» Records shown

——————————

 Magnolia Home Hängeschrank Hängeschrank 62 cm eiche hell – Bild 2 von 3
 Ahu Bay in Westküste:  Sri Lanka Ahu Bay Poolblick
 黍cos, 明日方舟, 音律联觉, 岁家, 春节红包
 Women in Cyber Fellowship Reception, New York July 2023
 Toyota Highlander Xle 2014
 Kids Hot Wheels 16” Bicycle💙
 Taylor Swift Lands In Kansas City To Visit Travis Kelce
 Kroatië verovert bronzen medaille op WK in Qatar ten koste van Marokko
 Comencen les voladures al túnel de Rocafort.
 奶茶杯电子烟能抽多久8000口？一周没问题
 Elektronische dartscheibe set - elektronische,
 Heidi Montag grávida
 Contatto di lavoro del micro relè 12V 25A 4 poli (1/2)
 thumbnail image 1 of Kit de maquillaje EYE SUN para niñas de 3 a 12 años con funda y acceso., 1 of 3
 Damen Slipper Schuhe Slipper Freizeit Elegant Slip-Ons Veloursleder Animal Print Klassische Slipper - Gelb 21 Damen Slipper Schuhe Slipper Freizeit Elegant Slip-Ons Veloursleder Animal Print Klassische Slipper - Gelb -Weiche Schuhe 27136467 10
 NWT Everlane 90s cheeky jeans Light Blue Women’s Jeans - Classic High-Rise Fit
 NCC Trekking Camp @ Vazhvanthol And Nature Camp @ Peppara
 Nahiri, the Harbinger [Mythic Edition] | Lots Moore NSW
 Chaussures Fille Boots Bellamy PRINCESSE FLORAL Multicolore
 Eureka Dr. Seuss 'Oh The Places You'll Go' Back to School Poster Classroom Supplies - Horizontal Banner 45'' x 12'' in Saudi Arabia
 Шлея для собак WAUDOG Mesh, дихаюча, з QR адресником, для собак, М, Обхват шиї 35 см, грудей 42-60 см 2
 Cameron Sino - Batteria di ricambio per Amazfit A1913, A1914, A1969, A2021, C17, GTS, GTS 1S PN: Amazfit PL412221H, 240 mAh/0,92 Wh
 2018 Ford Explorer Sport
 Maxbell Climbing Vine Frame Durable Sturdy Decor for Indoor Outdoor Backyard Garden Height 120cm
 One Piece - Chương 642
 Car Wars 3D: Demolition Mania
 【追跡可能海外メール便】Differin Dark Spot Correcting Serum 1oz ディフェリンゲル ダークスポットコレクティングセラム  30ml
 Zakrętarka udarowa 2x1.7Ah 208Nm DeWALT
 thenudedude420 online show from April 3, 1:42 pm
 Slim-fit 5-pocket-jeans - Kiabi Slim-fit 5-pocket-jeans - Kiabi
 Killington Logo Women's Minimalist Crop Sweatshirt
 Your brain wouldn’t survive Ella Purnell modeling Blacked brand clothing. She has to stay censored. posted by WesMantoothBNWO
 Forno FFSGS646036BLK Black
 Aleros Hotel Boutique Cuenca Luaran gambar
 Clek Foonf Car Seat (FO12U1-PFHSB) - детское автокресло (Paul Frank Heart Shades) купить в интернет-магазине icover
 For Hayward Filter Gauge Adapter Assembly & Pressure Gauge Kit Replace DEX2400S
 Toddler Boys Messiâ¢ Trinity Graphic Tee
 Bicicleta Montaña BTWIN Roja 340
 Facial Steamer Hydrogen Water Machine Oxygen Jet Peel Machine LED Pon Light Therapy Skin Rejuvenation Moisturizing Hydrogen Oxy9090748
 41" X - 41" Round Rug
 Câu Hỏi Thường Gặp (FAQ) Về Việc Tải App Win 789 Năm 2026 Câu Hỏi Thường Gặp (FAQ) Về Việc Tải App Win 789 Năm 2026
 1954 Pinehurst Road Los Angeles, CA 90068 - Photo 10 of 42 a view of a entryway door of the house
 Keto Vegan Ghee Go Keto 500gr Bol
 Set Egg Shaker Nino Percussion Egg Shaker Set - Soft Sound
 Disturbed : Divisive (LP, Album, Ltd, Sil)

——————————

» Exercise goal
Lines containing the word "jeans" must all be returned from the material above.

» Written answer
 NWT Everlane 90s cheeky jeans Light Blue Women’s Jeans - Classic High-Rise Fit
 Slim-fit 5-pocket-jeans - Kiabi Slim-fit 5-pocket-jeans - Kiabi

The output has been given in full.